Passé imparfait de Julian Fellowes (2014)

Publié le par Marion L.

Passé imparfait de Julian Fellowes (2014)

Par le créateur de la série télé "Downton Abbey". Comme dans cette série, les personnages sont confrontés à des changements sociétaux. (article initialement prévu le 3 octobre)

     Nous sommes avec un narrateur - l'auteur le déclare sans nom - qui reçoit une invitation d'un certain Damian Baxter, un ancien ami devenu ennemi qu'il n'avait pas revu depuis quarante ans. Une invitation qui prendra des allures d'enquête et de quête.

     En effet, Damian a reçu une lettre d'une femme lui annonçant qu'il avait un enfant. Atteint d'un cancer et au terme de sa vie, Damian, qui n'a plus personne mais une fortune colossale, veut retrouver cet enfant pour tout lui léguer.

     Le narrateur ne lui pardonne pas une certaine soirée au Portugal, mais accepte parce que Damian est mourant. Cela le pousse à se plonger dans son passé en même temps que dans celui de son ancien ennemi.

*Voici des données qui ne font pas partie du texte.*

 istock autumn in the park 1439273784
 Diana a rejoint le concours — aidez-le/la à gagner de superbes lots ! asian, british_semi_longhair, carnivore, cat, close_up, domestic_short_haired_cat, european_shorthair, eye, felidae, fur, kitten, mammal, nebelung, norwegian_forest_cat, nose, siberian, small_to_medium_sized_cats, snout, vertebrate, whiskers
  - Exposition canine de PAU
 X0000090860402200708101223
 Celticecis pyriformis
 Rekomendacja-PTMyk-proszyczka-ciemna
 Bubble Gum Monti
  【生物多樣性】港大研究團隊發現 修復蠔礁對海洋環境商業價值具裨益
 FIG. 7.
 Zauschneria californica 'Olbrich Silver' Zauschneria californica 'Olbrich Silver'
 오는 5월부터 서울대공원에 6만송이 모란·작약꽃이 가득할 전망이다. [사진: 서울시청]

Il doit interroger subtilement les mères potentielles de cet enfant pour en découvrir la paternité.

     L'auteur profite de cette enquête passé/présent pour plonger son personnage dans l'année 68, alors qu'il avait 20 ans et que tout ce beau monde se côtoyait encore. C'est notre narrateur qui fait entrer Damian dans le groupe, ce qu'il regrettera.

L'histoire de ce personnage et sa manière de raconter me touchent. Il parle à la partie nostalgique de mon être.

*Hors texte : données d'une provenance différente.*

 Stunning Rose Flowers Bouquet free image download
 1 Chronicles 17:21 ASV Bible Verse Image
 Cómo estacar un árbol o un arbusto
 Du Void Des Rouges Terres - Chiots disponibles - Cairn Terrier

     Pourtant, j'ai eu un mal fou à entrer dans l'histoire. Au début les retours en arrière m'agaçaient malgré leur utilité. Je voulais sans doute une chronologie stable. Et puis ils évoquaient cette fameuse soirée au Portugal, plusieurs fois, sans jamais aller plus loin et la raconter. (Elle le sera à la toute fin mais cette attente force presque le lecteur à être déçu et se dire... quoi ? Tout ça pour ça ?)

     Et puis on s'attache à ce narrateur modeste qui se dénigre en avouant être un jeune homme laid, mais presque neutre malgré tout. Et on s'intéresse à ce qu'il raconte car en vrai il ne fait pas qu'exposer des faits, il leur donne une analyse, une pensée un peu plus profonde, ce que soient les mœurs, la manière de vivre des deux époques qu'il a traversées ou de la société. Des pensées tout à fait intéressantes.

     Que ce personnage n'ait pas de nom rajoute quelque chose. Comme le texte est à la première personne, nous savons tout de lui, de son passé, de son présent, mais pas son nom. Ce qui fait de lui un "observateur". Surtout qu'il ne fait pas de scandale, il fait ce qu'on attend de lui, ne se démarque pas, comme s'il n'existait pas, un simple observateur dans ce monde où les autres personnages sont bien plus mis en avant.

Un narrateur qui se trouve pratiquement au même niveau que le lecteur parce que contrairement à nous il fait tout de même parti de leur milieu, de leur histoire et des personnages.

      Il nous offre également un témoignage que l'on prend au premier degré malgré la forme du roman (oeuvre fictive), du "savoir-vivre" de la haute société, désargentée, qui tente de survivre dans ce nouveau monde en s'accrochant à ses anciennes traditions. Un peu triste de voir ces gens y croire, être aussi paradoxales car ils sentent ce qui va arriver et font plus ou moins les bons choix.

    Damian Baxter était un roturier, sans réel fortune, sans particule. Il a su s'intégrer et se faire accepter en intégrant leurs codes. Mais cela ne fonctionne pas vraiment, on sent le groupe renfermé sur lui-même, qui ne s'ouvre pas impunément. Cet homme parti de rien réussira mieux qu'eux, il réalisera leurs rêves, la gloire et le prestige. Sauf que ça n'apporte pas forcément le bonheur et c'est triste quand on découvre au fil de l'histoire tout ce qui s'est passé pour qu'ils en arrivent là.

     Je me suis perdue dans les personnages, pour ne pas changer. Notamment Serena et Johanna qui devenaient une seule et même personne dans ma tête.

Bref, une histoire qui a pris son temps pour me séduire. Si j'étais du genre à arrêter un livre avant la fin, je l'aurai sans doute arrêté. Mais son narrateur conciliant et agréable a finalement réussi à me convaincre. Nous nous y attachons et souhaitons changer l'histoire pour lui.